Christian Diaz, Staff Writer
Student Caucus recently expressed disapproval of Dean of Students Deb Myers, accusing her of not adequately involving Caucus during the creation or reassessment of several significant policies this year.
Caucus members were so displeased that they voted to send Myers one of two letters listing a number of grievances. The letters were proposed and voted upon within the same meeting. The vote passed before many members had the chance to read the documents.
“The RA and RD [policy change] is something that Caucus is upset about because I didn’t share it with them,” Myers said. “I feel like I got student feedback about that. I didn’t go through Caucus to do that. In hindsight, maybe I should have.”
Technically, Caucus does not have to be consulted unless changes to policy are being considered. Residence Life policy has not changed, however policy practice has. Caucus argues that regardless of technicalities, they should be consulted whenever changes that effect student life are being developed. Some Resident Life staff feel the same.
“We weren’t asked – we were told,” said senior Laura Lilley, RD of Vining A. “There was no open discussion. It was, ‘This is the way it is.’ [After we were told] we offered suggestions and alternatives and those were dodged.”
Changes were made to the structure of Residence Life. The structure currently in place, including the area coordinators added to the system last year, was deemed problematic and generally unpopular by Caucus members. This year’s Residence
Life staffing changes, including those regarding the staff’s compensation and how many hours RAs and RDs will work on work crews, have amplified feelings of neglect.
“I get that their perception is that I haven’t gotten appropriate feedback from students,” Myers said. “They feel I should have brought more concerns to them, more ideas and more questions. I definitely hear that. I think we have some disagreements over what we should bring to Caucus, or what gathering feedback means, and I’m happy to talk about that.”
Although the changes themselves were markedly unpopular in Caucus, the main concern expressed was Student Life’s decision to not include Caucus or Residence Life staff in the creation or implementation of changes in general.

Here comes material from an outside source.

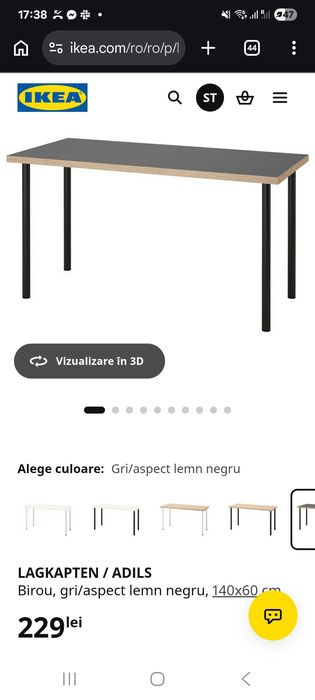 Birou/Masa Ikea LAGKAPTEN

“This is a community,” said senior Lacey Cunningham, Caucus co-convener, “and when big changes that affect students are considered [and come from] Dodge house alone, there’s always going to be an outcry because students weren’t involved in the process.”

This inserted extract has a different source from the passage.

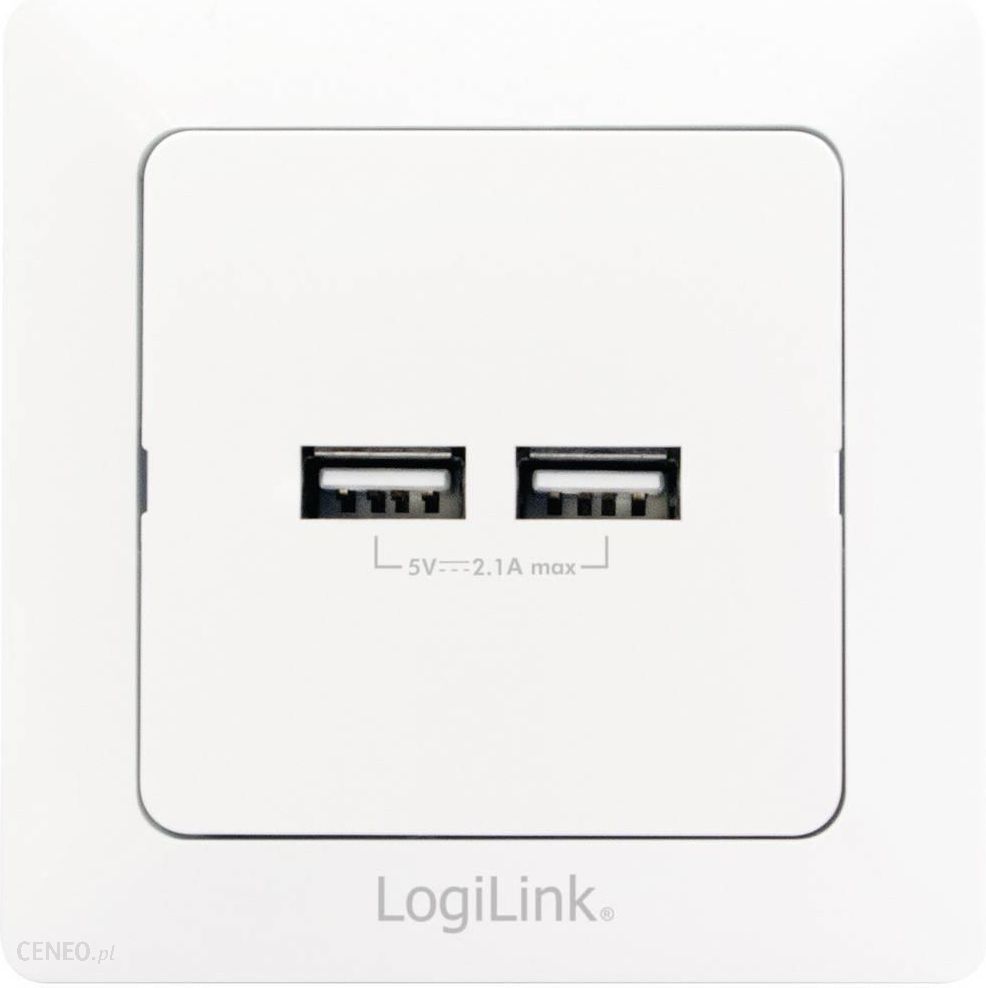 i-logilink-2-gniazda-usb-z-ip20-bialy-pa0163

“When they are [involved in decision-making],” Cunningham continued, “students don’t have any reason to complain. It’s the same with voting. When there’s an opportunity for everyone to vote, when the decision’s been made, you can’t complain because you were a part of the process. That’s the same with students. Not everyone attends Caucus and not everyone reads The Echo but as long as there is some way for collaboration to happen then students are on board with the changes, or will at least comply with them and then we can work together to adapt to these changes and to fix them when there are problems.”
Some Caucus members have expressed anger over the administration’s handling of a recent string of faculty and staff resignations, arguing that if Caucus had been consulted much-loved community members, such as Kelly Kelbel, director of the RISE Project, wouldn’t have resigned.
“I definitely feel like I’ve heard students out,” Myers said. “I haven’t had a discussion about Kelly Kelbel at Caucus. That doesn’t really seem appropriate. I’m really sad Kelly is leaving. She’s resigned and that’s sad for all of us. But I don’t know if it’s appropriate to discuss something like that at Student Caucus because it’s a personnel issue. If Kelly wants to talk to Caucus about why she’s leaving and what she wants to do next, it’s her place to do that.”
Caucus has expressed a willingness to work with Student Life so that challenges are addressed appropriately.
“If the community doesn’t buy into [policy changes], it will be less successful,” junior Kyja Wilburn, Caucus co-convener, said. “If we believe in first-year integration [ for example] then we are going to work really hard to make it work and if we think it is terrible, people will intentionally or unintentionally sabotage it because they’re resentful of the fact that these important decisions are made without asking the people who it affects the most.”
Myers, however, contends that perhaps there is a misunderstanding as to the role of Student Caucus.
“Hopefully Student Caucus functions independently and identifies issues that they want to work on for students, whether those be issues regarding student life or academics,” Myers said.
“I think when we go through the governance structure in either changing policy, or if I’m looking at something that is going to have a broad impact on students, then I think it’s appropriate to go and either collect feedback, present some perspectives or use [Caucus] as a sounding board. I think maybe that’s where Caucus and I have had some disagreement.”